Starting from an input array that resembles a sql result set, you can cleanly use usort() containing a 3-way comparison then a conditional secondary 3-way comparison. When done, you can isolate the qty column of data as the values and (assuming all of the name values are unique) use the name column as the assigned keys using array_column(). When comparing, write the $b data on the left of the operator and the $a on the right to achieve a descending sort order.

Code: (Demo)

$array = [
    ['name' => 'foo bar bar foo', 'qty' => 6],
    ['name' => 'bah', 'qty' => 5],
    ['name' => 'foo foo bar foo', 'qty' => 10],
    ['name' => 'foo', 'qty' => 6],
    ['name' => 'foo bar', 'qty' => 6],
    ['name' => 'bar', 'qty' => 11],
];

usort($array, function($a, $b) {
    return $b['qty'] <=> $a['qty'] ?: strlen($b['name']) <=> strlen($a['name']);
});

var_export(array_column($array, 'qty', 'name'));

Output:

array (
  'bar' => 11,
  'foo foo bar foo' => 10,
  'foo bar bar foo' => 6,
  'foo bar' => 6,
  'foo' => 6,
  'bah' => 5,
)

The advantage of using comparison1 ?: comparison2 is that the function calls in comparison2 are not executed unless a tiebreak is necessary -- this improves efficiency.

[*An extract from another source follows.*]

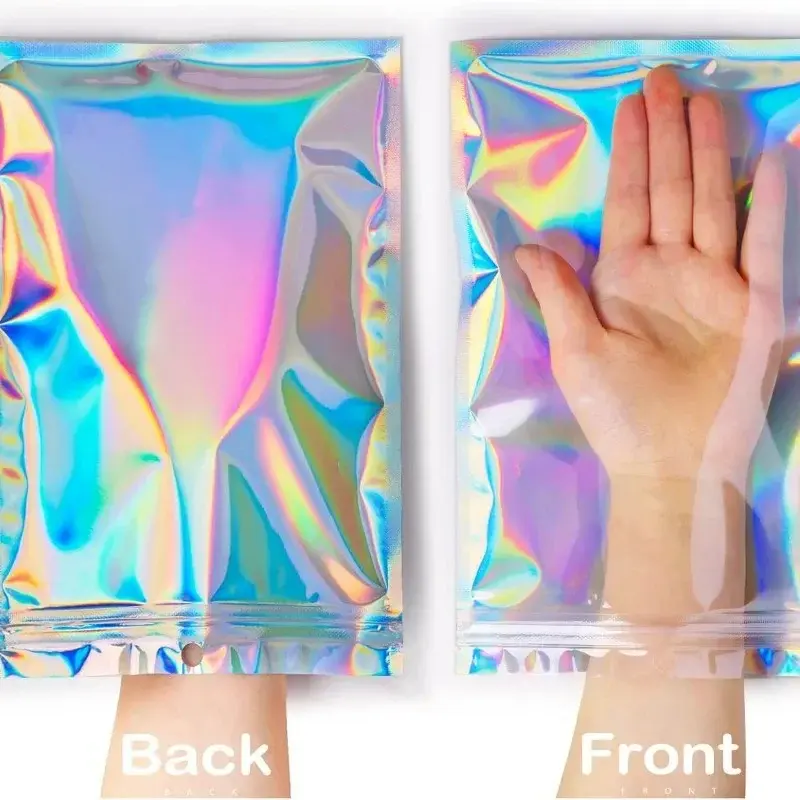 50/30/10PCS Resealable Laser Packaging Bags Transparent Holographic Bag Jewelry Display Retail Storage with Sealing Strip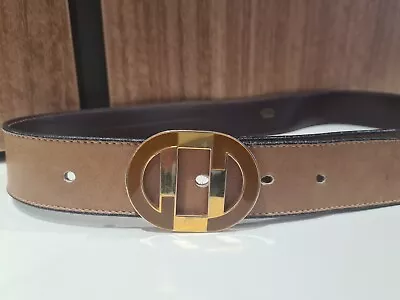 GUCCI VINTAGE LEATHER/ENAMEL BUCKLE 70s BELT  • $190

Alternatively, using array_multisort() will unconditionally call strlen() on all qty values -- even if they are not needed for sorting.

It is perfectly valid to execute the sort with a single spaceship operator, but the following technique will make two function calls every time a comparison is made. This will be less efficient than my above snippet, so I do not recommend the following snippet.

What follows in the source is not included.